You are viewing a plain text version of this content. The canonical link for it is here.
Posted to solr-user@lucene.apache.org by cwhi <ch...@gmail.com> on 2014/01/15 22:43:53 UTC

SolrException Error when indexing new documents at scale in SolrCloud -

I have a SolrCloud installation with about 2 million documents indexed in it. 
It's been buzzing along without issue for the past 8 days, but today started
throwing errors on document adds that eventually resulted in out of memory
exceptions.  There is nothing funny going on.  There are a few infrequent
searches on the index every few minutes, and documents are being added in
batch (batches of 1000-5000) every few minutes as well.

The exceptions I'm receiving don't seem very informative.  The first
exception looks like this:

org.apache.solr.common.SolrException
	at org.apache.solr.handler.loader.XMLLoader.load(XMLLoader.java:176)
	at
org.apache.solr.handler.UpdateRequestHandler$1.load(UpdateRequestHandler.java:92)
	at
org.apache.solr.handler.ContentStreamHandlerBase.handleRequestBody(ContentStreamHandlerBase.java:74)
	at
org.apache.solr.handler.RequestHandlerBase.handleRequest(RequestHandlerBase.java:135)
-- snip --

I've now experienced this with two SolrCloud instances in a row.  The
SolrCloud instance has 3 shards, each on a separate machine (each machine is
also running Zookeeper).  Each of the machines have 4 GB of RAM, with ~1.5
GB allocated to Solr.  Solr seems to be maxing out the CPU on index, so I
don't know if that's related.

If anybody could help me in sorting out these issues, it would be greatly
appreciated.  I pulled the Solr log file and have uploaded it at
https://www.dropbox.com/s/co3r4esjnsas0tl/solr.log

Also, a short snippet of the first exception is available on pastebin at
http://pastebin.com/pWZrkGEr

Thanks



--
View this message in context: http://lucene.472066.n3.nabble.com/SolrException-Error-when-indexing-new-documents-at-scale-in-SolrCloud-tp4111551.html
Sent from the Solr - User mailing list archive at Nabble.com.
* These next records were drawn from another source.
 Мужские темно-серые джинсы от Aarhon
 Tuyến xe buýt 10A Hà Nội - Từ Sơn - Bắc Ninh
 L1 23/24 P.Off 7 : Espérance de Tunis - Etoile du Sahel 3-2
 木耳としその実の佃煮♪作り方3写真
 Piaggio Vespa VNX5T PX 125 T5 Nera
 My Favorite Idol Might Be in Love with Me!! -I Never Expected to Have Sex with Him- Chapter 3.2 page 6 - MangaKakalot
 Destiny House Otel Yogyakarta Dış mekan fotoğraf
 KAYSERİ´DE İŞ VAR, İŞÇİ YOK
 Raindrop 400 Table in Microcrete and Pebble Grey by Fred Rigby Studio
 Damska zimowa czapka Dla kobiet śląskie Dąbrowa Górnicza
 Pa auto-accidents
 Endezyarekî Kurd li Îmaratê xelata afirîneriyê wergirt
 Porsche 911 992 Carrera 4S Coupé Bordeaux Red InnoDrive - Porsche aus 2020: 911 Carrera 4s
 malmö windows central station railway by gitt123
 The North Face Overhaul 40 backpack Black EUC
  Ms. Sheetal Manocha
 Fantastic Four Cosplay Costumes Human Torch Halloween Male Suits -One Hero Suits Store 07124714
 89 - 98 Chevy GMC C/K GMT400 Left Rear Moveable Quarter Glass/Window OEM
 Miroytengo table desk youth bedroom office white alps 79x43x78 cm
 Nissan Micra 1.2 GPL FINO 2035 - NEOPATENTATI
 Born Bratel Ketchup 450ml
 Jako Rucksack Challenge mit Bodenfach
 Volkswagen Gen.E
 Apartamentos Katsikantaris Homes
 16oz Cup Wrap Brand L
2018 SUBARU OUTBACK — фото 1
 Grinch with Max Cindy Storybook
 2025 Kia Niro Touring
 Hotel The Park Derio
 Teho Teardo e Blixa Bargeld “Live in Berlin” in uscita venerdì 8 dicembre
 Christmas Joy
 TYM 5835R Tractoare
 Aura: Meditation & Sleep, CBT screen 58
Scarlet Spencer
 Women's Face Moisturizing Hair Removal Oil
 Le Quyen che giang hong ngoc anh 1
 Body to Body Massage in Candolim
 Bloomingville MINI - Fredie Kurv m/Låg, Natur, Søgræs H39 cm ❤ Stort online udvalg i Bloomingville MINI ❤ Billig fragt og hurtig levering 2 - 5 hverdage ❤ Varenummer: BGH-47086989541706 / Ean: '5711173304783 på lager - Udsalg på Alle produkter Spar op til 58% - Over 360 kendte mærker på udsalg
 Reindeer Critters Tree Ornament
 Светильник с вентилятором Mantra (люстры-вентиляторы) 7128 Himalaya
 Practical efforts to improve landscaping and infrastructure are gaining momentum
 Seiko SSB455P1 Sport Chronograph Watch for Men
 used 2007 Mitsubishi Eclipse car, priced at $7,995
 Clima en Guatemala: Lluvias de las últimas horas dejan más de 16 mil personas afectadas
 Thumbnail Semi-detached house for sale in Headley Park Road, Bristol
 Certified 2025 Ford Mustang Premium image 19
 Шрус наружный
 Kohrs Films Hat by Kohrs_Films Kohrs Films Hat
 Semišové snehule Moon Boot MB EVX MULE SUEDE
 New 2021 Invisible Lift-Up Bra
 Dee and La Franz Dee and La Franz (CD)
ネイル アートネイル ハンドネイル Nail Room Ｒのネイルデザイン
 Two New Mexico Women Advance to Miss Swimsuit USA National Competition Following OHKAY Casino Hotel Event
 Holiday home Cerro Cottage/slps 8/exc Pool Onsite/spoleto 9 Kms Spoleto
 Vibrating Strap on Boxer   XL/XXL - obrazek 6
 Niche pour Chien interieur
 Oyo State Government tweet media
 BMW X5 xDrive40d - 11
Re: SolrException Error when indexing new documents at scale in SolrCloud -

Posted by Erick Erickson <er...@gmail.com>.
When the JVM is out of memory, you get OOM exceptions, one of
the characteristics of the op system.....

I'd guess that you're not actually in the same environment on both
machines. The Solr admin page will tell you how much memory Solr
_thinks_ it has allocated to the JVM, it's worth checking just to be
sure.

Best,
Erick

On Thu, Jan 16, 2014 at 9:30 AM, cwhi <ch...@gmail.com> wrote:
> Hi Shawn,
>
> Thanks for the helpful and thorough response.  While I understand all of the
> factors that you've outlined for memory requirements (in fact, I'd
> previously read your page on Solr performance problems), it is baffling to
> me why two identical SolrCloud instances, each sharded across 3 machines
> with identical hardware, would run into these memory issues at such
> differently memory limits (one SolrCloud instance started seeing OOM issues
> at 2 million indexed documents, the other started seeing OOM issues between
> 20 and 30 million indexed documents).
>
> When I stated that approximately 1.5GB, I mean that this is how much heap
> space I allocated when launching java with -Xmx, and I can see the java
> process using that full amount of RAM.
>
> From a usage perspective, the usage doesn't seem all that heavy.  I'm
> indexing about 600k documents an hour (each of which have ~20 short numeric
> or string fields).  I have the autoSoftCommit parameter set for once a
> second, and the autoCommit time set for every 5 minutes, with openSearcher
> set to false.  Finally, I have maxWarmingSearchers at 2.  Besides indexing
> those documents, I've been doing a few small queries just to check how many
> documents have been indexed, and a few other small queries, sorting by a
> single attribute.  These searches are very infrequent though, maybe 5 or 6
> an hour.
>
> Seems like a strange issue indeed.  My expectation is that Solr would hit a
> point where it becomes horribly slow after some threshold where things don't
> fit in the cache, but I'd never expect it to simply crash like it's doing.
>
>
>
> --
> View this message in context: http://lucene.472066.n3.nabble.com/SolrException-Error-when-indexing-new-documents-at-scale-in-SolrCloud-tp4111551p4111680.html
> Sent from the Solr - User mailing list archive at Nabble.com.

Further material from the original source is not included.